《China Daily》,2008-12-29
http://www.chinadaily.com.cn/opinion/2008-12/29/content_7348494.htm
China's modernization drive has made great progress in the past 30 years of reform and opening up. This is evident particularly in the economic buildup, as its foreign trade has grown to make it one of the world's largest in terms of both imports and exports. Meanwhile, its diplomatic and defense initiatives have been advancing as well, helping the nation to enhance its security and its image on the international stage.
There is an important area where foreign trade meets security. It is called proliferation control, which aims to prevent the proliferation of weapons of mass destruction (WMD), including nuclear, biological and chemical weapons and their delivery systems such as missiles.
The international community attaches great importance to the prevention of the proliferation of WMD and related dual-use technology and materials. The United Nations Security Council (UNSC) passed a resolution after the Cold War confirming the proliferation of WMD threatens world peace and stability. It was on the strength of this resolution that the UN denied Iraq the right to develop nuclear arms. Preventing WMD proliferation is also a core component of security cooperation among major powers of the world today.

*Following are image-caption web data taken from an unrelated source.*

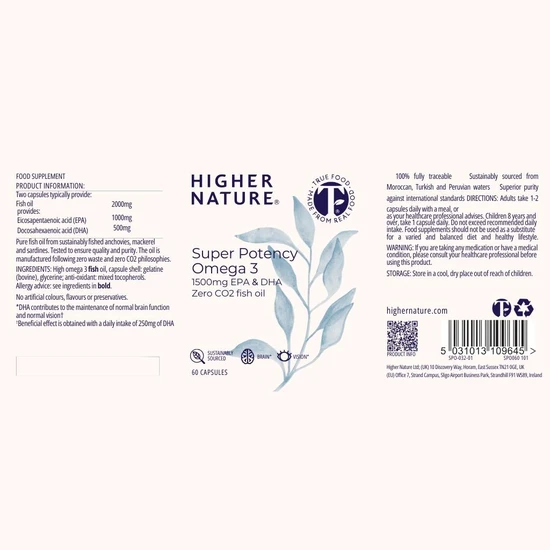 Higher Nature Super Potency Omega Capsules 3 Capsules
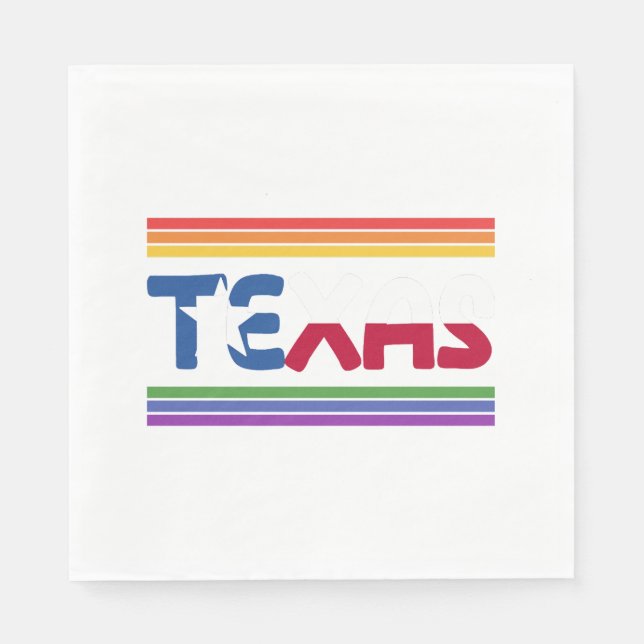 Regnbåge Texas Flagga Design för stolt LGBT+ Texan Pappersservett (Framsidan)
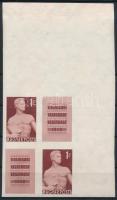 1958 Keszthely ifjúsági találkozó vágott szelvényes négyestömb óriási ívsarokkal / Mi 1531 imperfora...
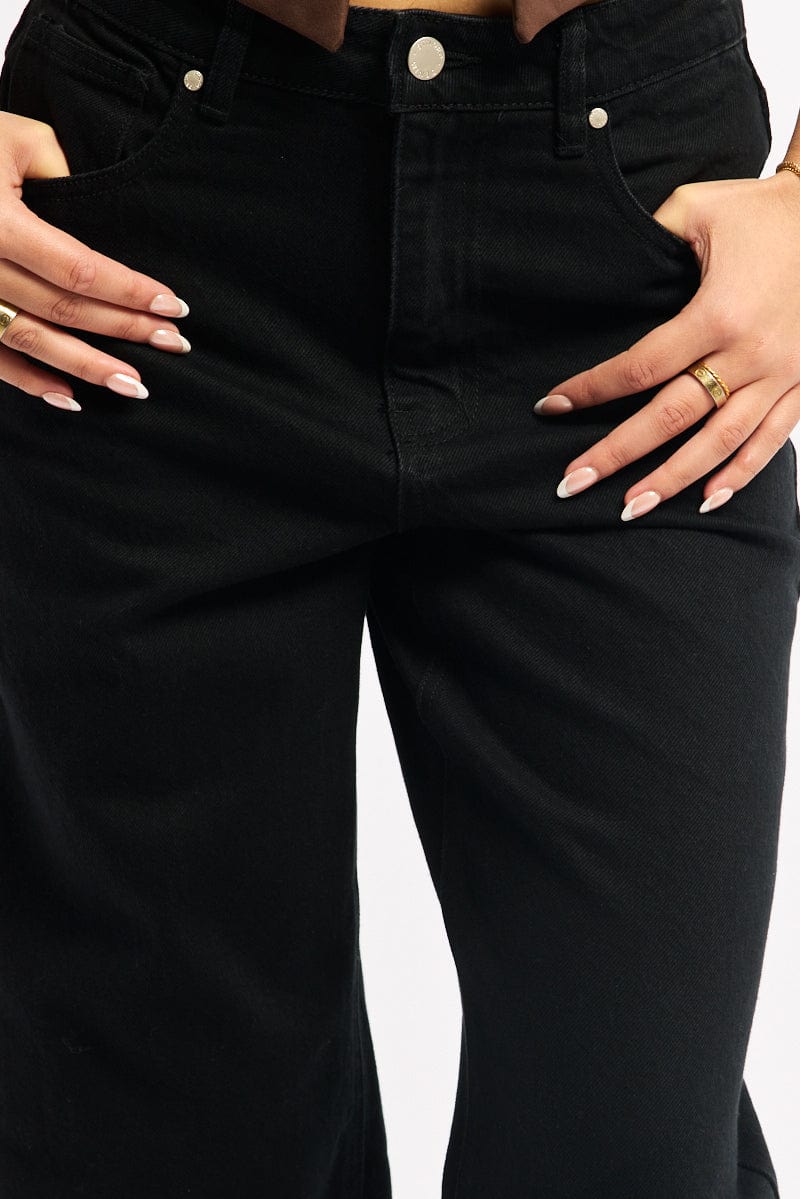 Black Straight Jeans Cropped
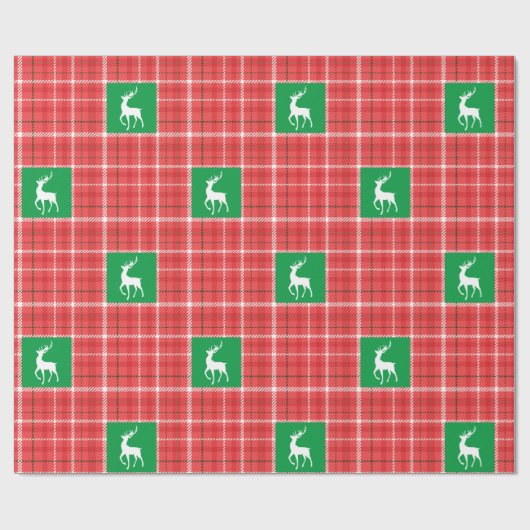 Papier Cadeau Reinder Noël Rouge Vert Vert Blanc Twill Plaid (Plat)
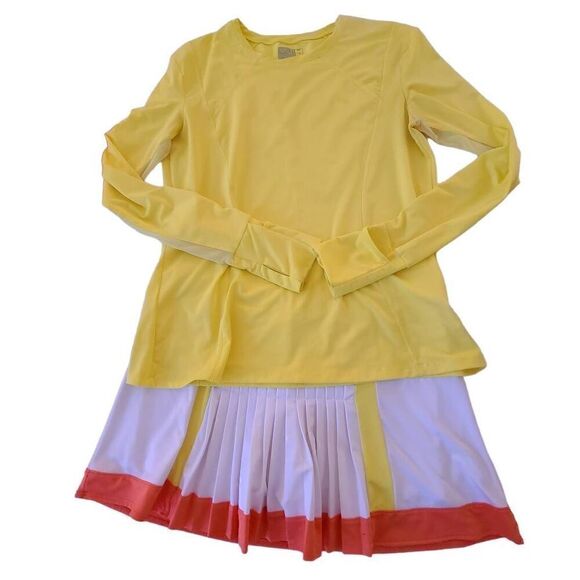 Lucky in Love Womens Yellow Long Sleeve Sun Protection Athletic Shirt Large - Picture 11 of 12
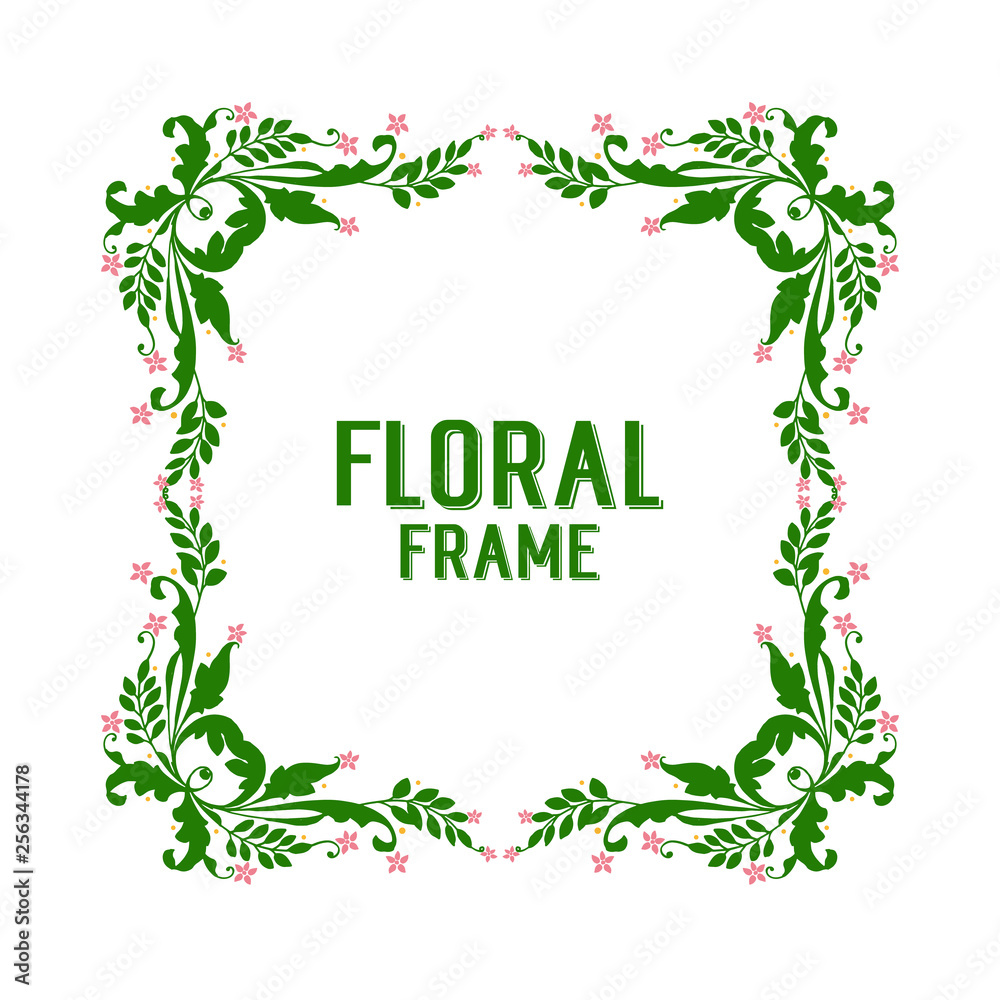 Vector illustration various texture floral frame green foliage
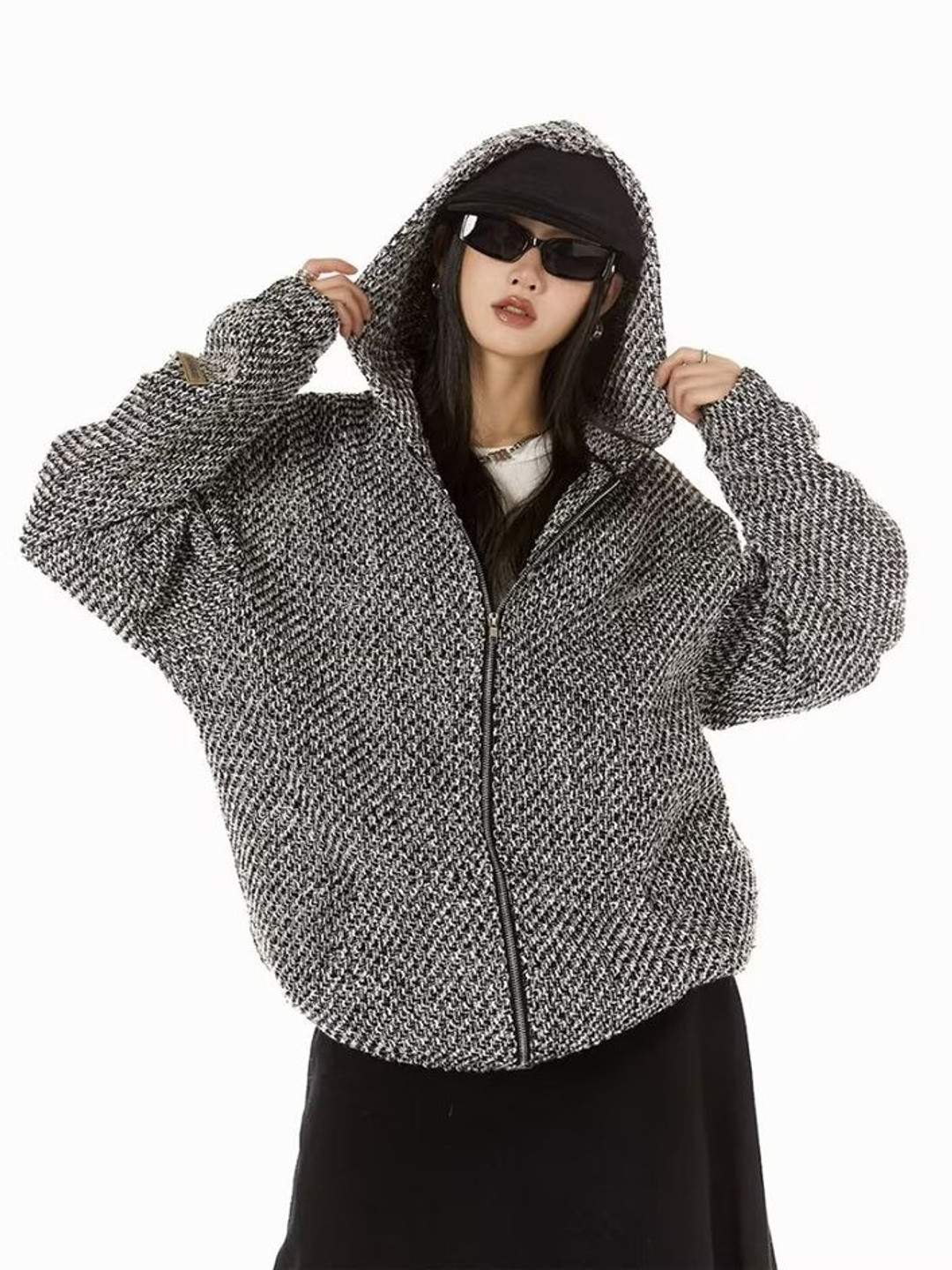 

LULU & SKY Women Hooded Self Design Casual Tailored Jacket, Grey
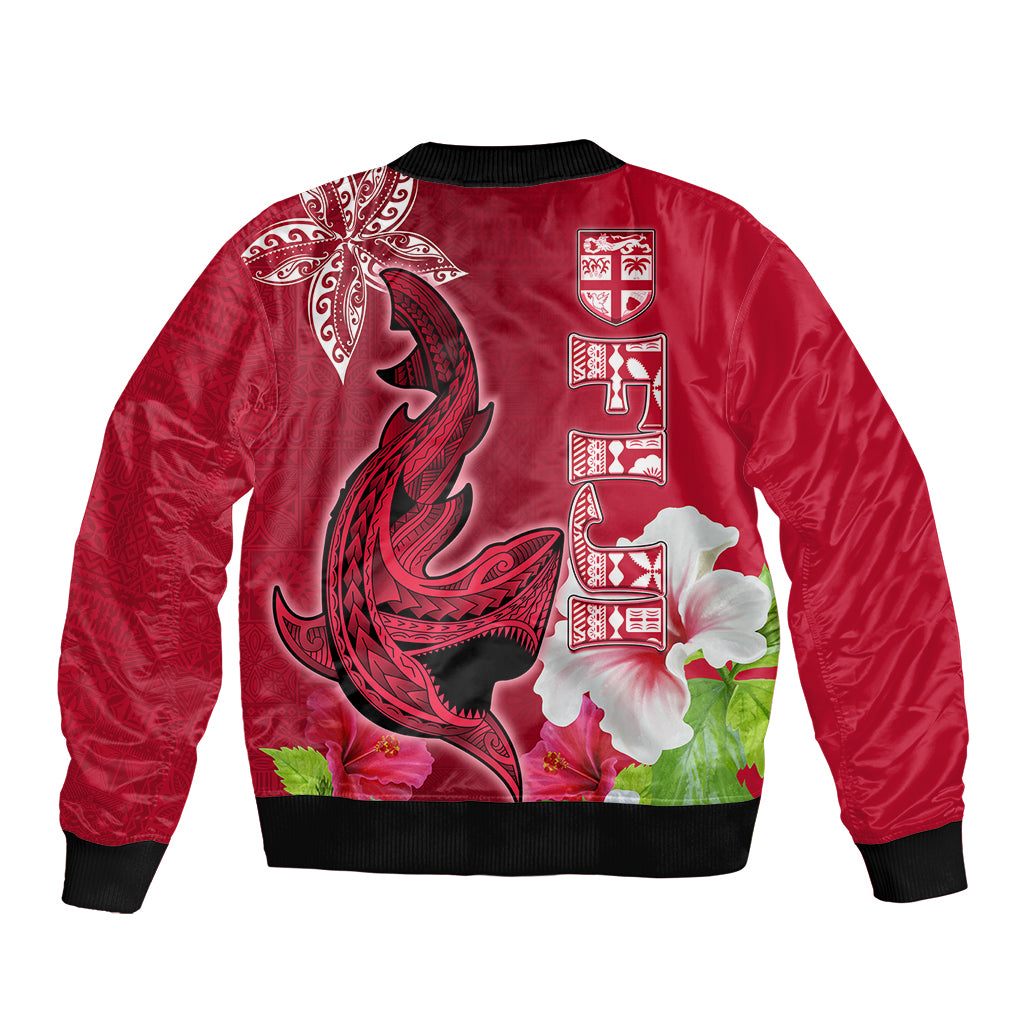 Polynesian Fiji Bomber Jacket Shark and Hibiscus Tapa Pattern Red Version LT03 - Polynesian Pride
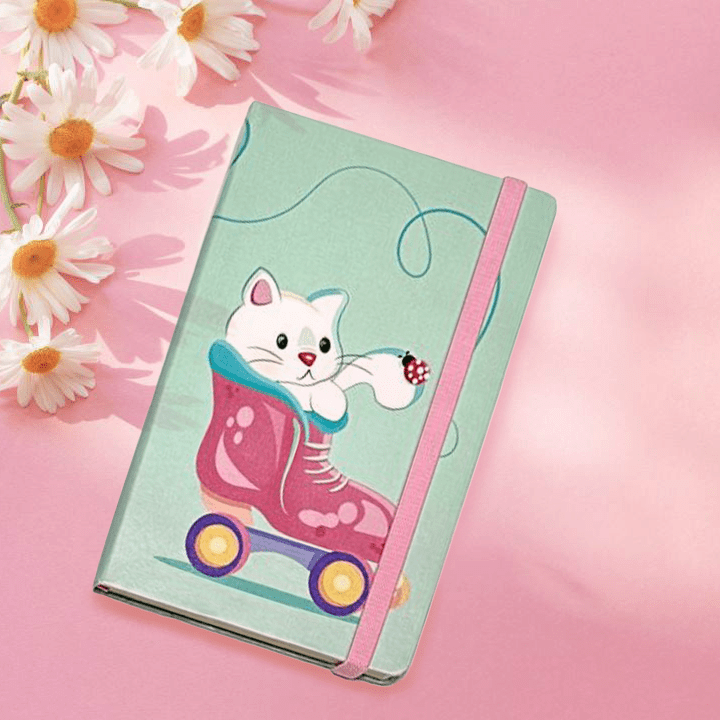 Cat in Skate Leatherette Hard Cover Sketchbook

Containing the proliferation of WMD is a formidable challenge. Currently, biological and chemical weapons have been banned, but not nuclear arms. And it is even more difficult to restrict the delivery systems of WMD. However, none of all that is more challenging than containing the proliferation of dual-use technology and materials related to WMD.
Because many of the technologies and materials related to WMD can be used for military and civilian purposes, it has become the hardest thing to promote the civilian use of such technologies and materials while prohibiting their use for military purposes.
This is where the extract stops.